This young girl with painful skin lesions, mainly on her face (coalescent) and arm, suffers from Sweet syndrome.

Acute Febrile Neutrophilic Dermatosis; Sweet Disease; Gomm-Button Disease.

There are four groups of Sweet Syndrome:

  • Classic/Idiopathic
  • Parainflammatory
  • Paraneoplastic
  • Pregnancy Associated

The malignant form represents 20% of cases. Pediatric cases account for 8%.

First described by Robert Douglas Sweet, an English dermatologist, in 1964.

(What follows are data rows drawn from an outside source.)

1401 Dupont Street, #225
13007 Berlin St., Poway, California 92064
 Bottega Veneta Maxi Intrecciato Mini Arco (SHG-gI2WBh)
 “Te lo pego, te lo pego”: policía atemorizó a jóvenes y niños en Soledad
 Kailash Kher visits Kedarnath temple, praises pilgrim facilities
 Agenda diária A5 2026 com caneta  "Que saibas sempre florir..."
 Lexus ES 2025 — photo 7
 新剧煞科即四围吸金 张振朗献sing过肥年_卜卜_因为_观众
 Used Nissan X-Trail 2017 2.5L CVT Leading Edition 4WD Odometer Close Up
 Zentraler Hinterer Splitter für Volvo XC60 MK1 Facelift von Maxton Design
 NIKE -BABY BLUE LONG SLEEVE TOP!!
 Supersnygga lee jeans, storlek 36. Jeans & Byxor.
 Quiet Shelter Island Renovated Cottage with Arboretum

Hundreds of cases have been described.

Unclear; Sweet Syndrome seems to be in some cases a response to systemic factors (hematological disease, infection, or drug exposure to granulocyte colony-stimulating factor, minocycline, Bactrim, lithium, furosemide, hydralazine, carbamazepine, and levonorgestrel/ethinyl estradiol). There is a neutrophil mediation, associated neutrophilia, and response to medications that impact neutrophil activity. Tumor necrosis factor is thought to be implicated, as well as type 1 helper T cells.

Clinically evocated by abrupt fever associated with nodules followed by headache; myalgias and arthralgias are common.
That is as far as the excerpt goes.